But I see two big potential qualifications. One is about attitude and one is about the crucial difference between private and public sector organizations.
To be successful in public service a business executive needs to respect the a state's or city's public sector service obligations and public sector employees. So you have to want to make the public sector better, not different. Mayor Bloomberg is an example. He brought efficiencies to the delivery of services while respecting the role that public services play in New York.
If you want to run on a "businesses are great, governments are incompetent and spendthrifts" agenda that is about politics, not offering your business experience to the public sector. We want a business executive's skills and experience, not a government-bashing attitude. That just confuses a political position with business experience and, in addition, has little if any record of success anywhere, especially in California.
There, is, moreover, a crucial difference between private and public sector organizations. When private sector managers make layoffs, they are mainly driven by declines in customers/sales and profits or reorganizations as part of mergers and consolidations. These are completely appropriate responses to what the market is telling managers.
However, the number of public sector "customers" almost always increases. Population growth does not stop in recessions and some public programs see an increase in demand in bad economic times.
The state's budget challenge -- like that in Palo Alto -- results from a drop in revenues WITHOUT a drop in customers.
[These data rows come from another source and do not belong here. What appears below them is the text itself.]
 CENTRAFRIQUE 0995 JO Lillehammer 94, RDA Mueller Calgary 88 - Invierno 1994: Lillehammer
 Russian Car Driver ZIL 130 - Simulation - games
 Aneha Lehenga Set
That is a dilemma with which business leaders have little or no experience. It doesn't mean they can't learn to deal with declining revenues and growing customer demands but their business experience will often give the wrong signals for this situation.
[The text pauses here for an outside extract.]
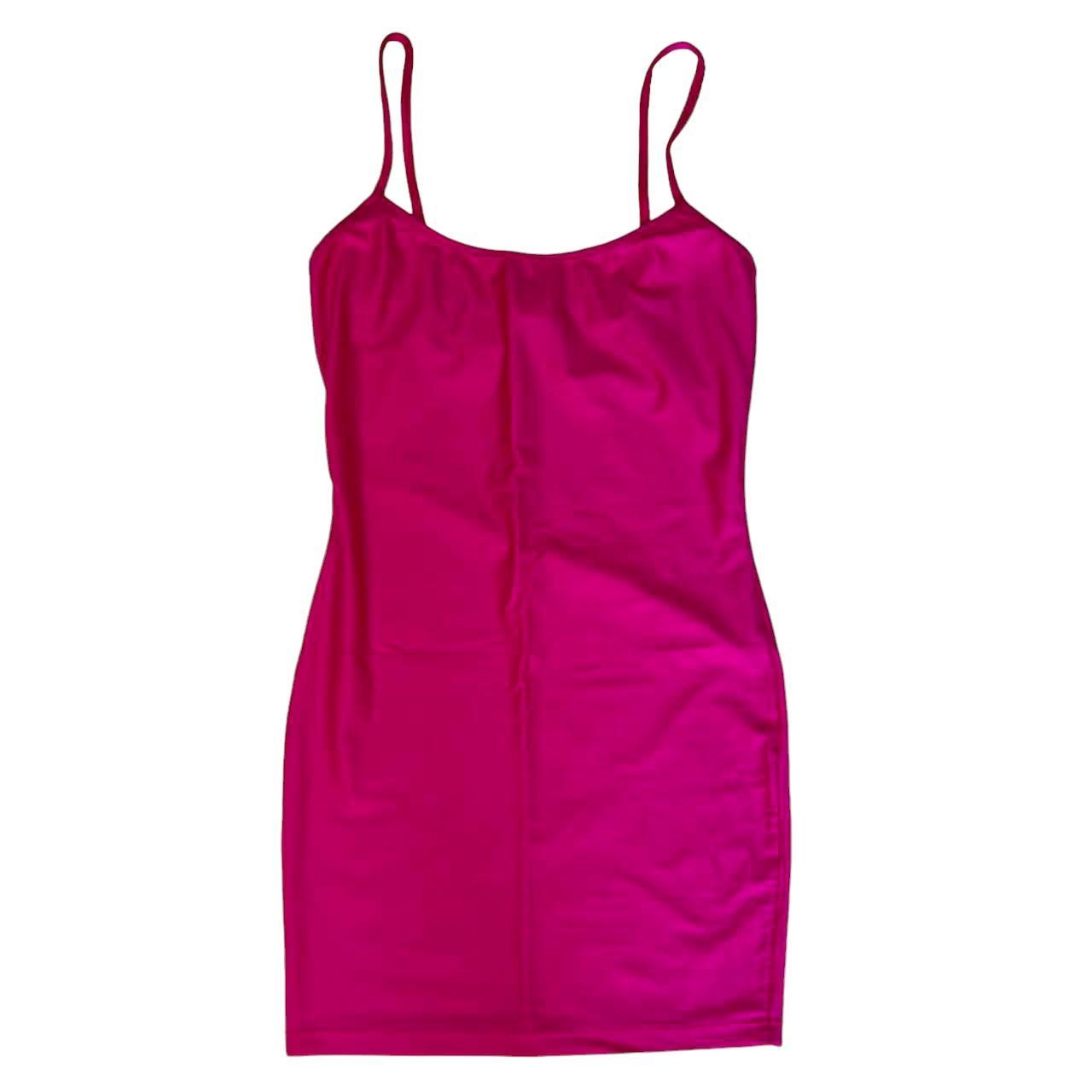 BODYCON DRESS brand cherry mellow pink bodycon... Depop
Public budgets, priorities and choices do not follow the rules of profit maximization.
And the "live within your means" rant is also a political statement. It is not "obvious" as a business principle that staff and service cuts are the only answer to short-term public-sector budget challenges. These are choices to be debated by residents who might prefer to pay more in taxes temporarily to maintain services.
To pass this off as a "business principle" is disingenuous. It is a legitimate political position, nothing more or less. The "means" we have to spend is our total income and if residents want to spend more on public services and less on private consumption, that is their right also.
Unfortunately both residents and elected officials usually maintain services without maintaining revenues and adopt pretend budgets. But that is another story in which many parties are complicit.
One challenge facing the new governor is that California's state and local governments have very low levels of staffing relative to the nation and most states.
www.ccsce.com/PDF
In 2009 California had the fourth lowest ratio of state government employees to population, the sixth lowest ratio of state and local employees to population and the third lowest ratio of K-12 education employees to population among all 50 statesin each case well below the national average.
There is no evidence that the state's public sector is overstaffed. Moreover, these data are for March 2009 and since then the state has seen the loss of 55,000 state and local government jobs while adding more than 600,000 residents. The next jobs report will likely add thousands to the job losses while we strive to maintain high quality education and public services.
So the experience of private-sector executives can be valuable. But if it is their experience that we want, not their politics, they need to come supporting the public sector they are running to lead.